The Unique Hygiene Habits of Our Founding Fathers

The Unique Hygiene Habits of Our Founding Fathers

Larry Holzwarth - November 15, 2020

The Unique Hygiene Habits of Our Founding Fathers
Samuel Adams’ indifference to appearance and personal hygiene drew the attention of his colleagues. Wikimedia

5. A clean appearance substituted for personal hygiene

For several of the Founding Fathers, Thomas Jefferson among them, an impeccably dressed appearance made up for a lack of personal cleanliness. Clean shirts, neckcloths, and stockings, worn under brushed and stain-free suits, went a long way to creating a favorable reception. Jefferson stressed the appearance of clothing in a letter to his daughter Martha, written in 1783. He made little reference to personal hygiene, no mention of bathing, and did not recommend to her she emulate his example of bathing his feet. Instead, he stressed she maintain an outward appearance without so much as a “pin amiss, or any other circumstances of neatness wanting”.

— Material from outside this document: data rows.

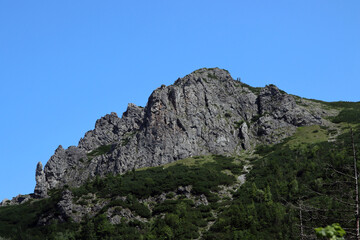 Fototapeta na wymiar Krajobrazy w Tatrach, polskie góry Tatry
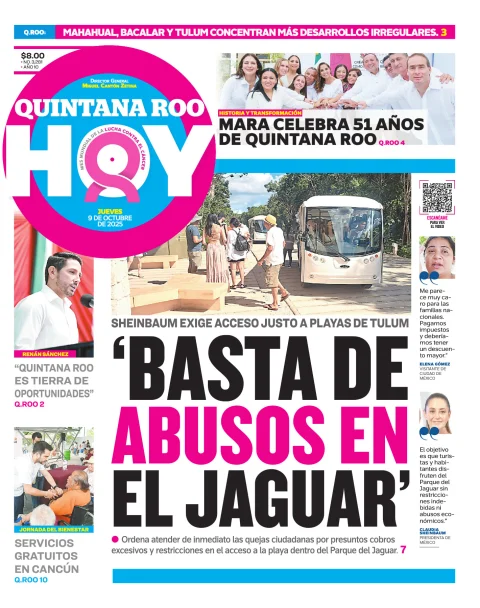 Portada de Quintana Roo Hoy (portada)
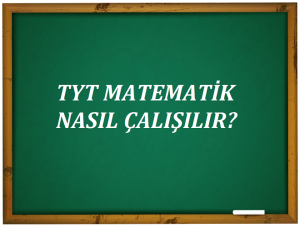 TYT matematik nasıl çalışılır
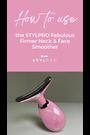 Stylpro Fabulous Firmer LED Massaging Neck and Face Smoother Device
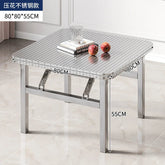 Buffet Serving Counter Home Dining TableStainless Steel Multifunctional Foldable Table Portable Outdoor Camping Desk Commercial Jonine’s Corner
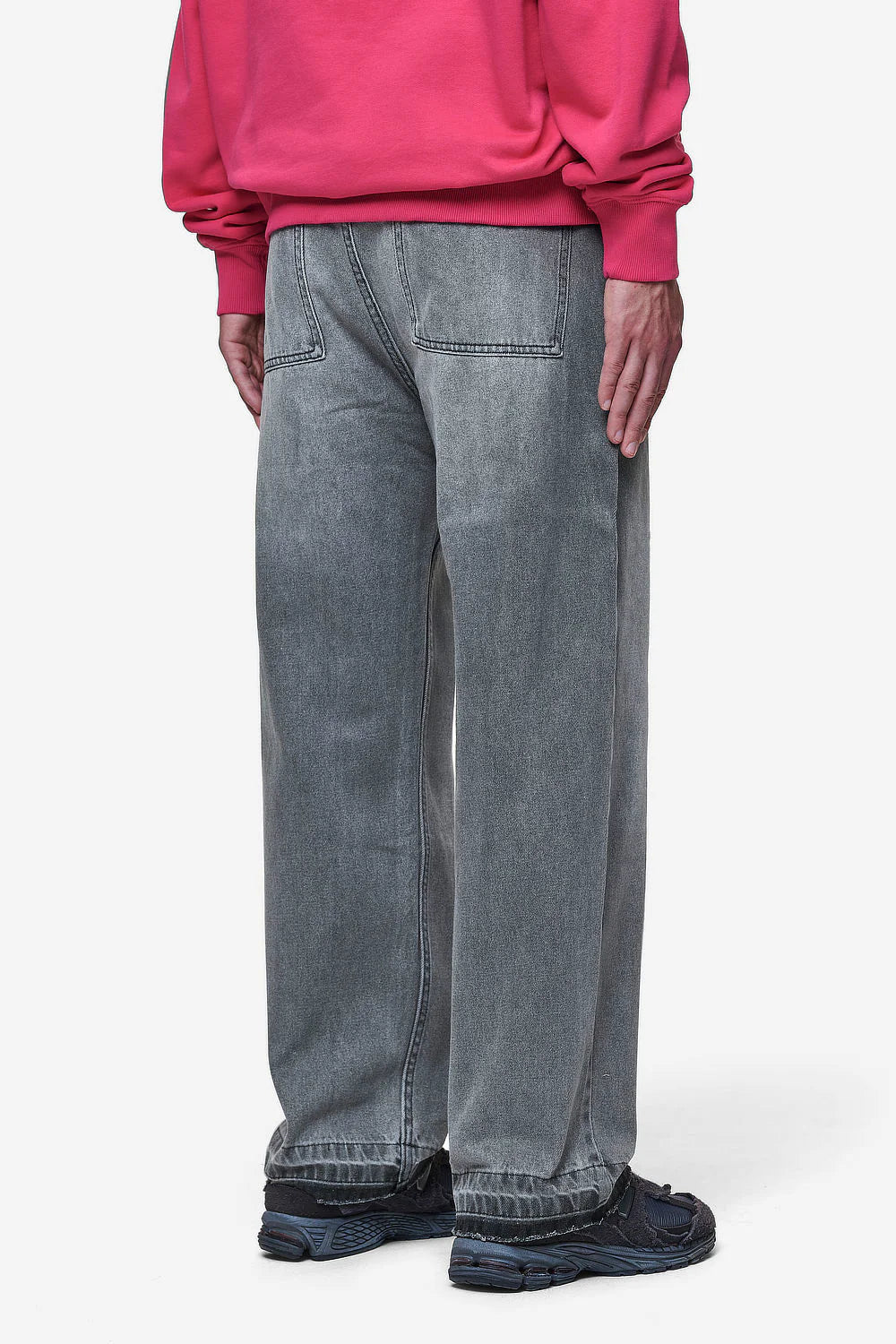 PGDR BARROW WIDE BAGGY JEANS WASHED ANTHRACITE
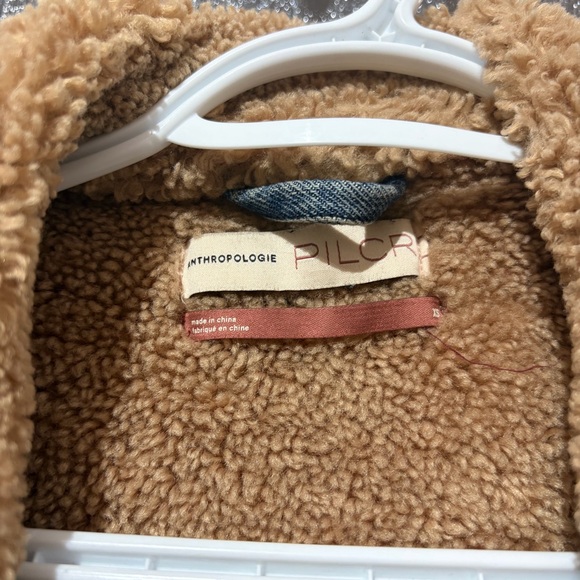 Anthropologie Pilcro Sherpa-Lined Denim Jacket. - Picture 3 of 6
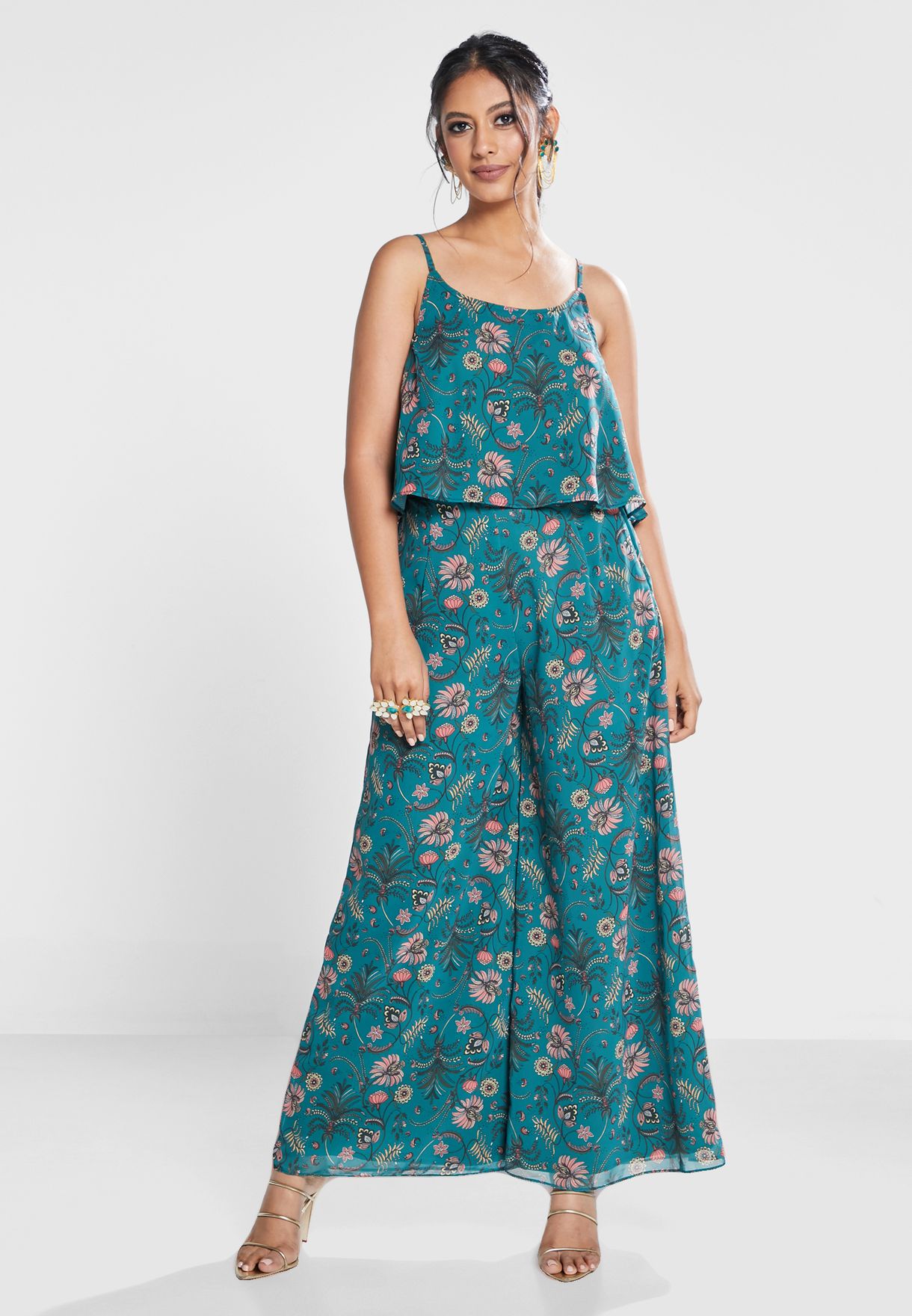 floral print palazzo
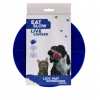 Eat Slow Live Longer Lick Mat Dimensions Circle Blå – Rund slikkematte med sugekopper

The Founders’ reliance on the appearance of clothing appeared when Samuel Adams was dispatched to the First Continental Congress. The often slovenly Adams paid little attention to either hygiene or appearance, and his supporters in Boston purchased new clothes for him to wear in Philadelphia. His unkempt appearance left unfavorable impressions on his more pristine colleagues. Samuel Adams cared little for his appearance, and even less about matters of personal hygiene. As such, he was more in line with the common artisans and mechanics of his native Boston than with his esteemed colleagues among the planters and lawyers of Congress. His once considerable influence in Congress waned following Independence, though he remained active in politics for many years.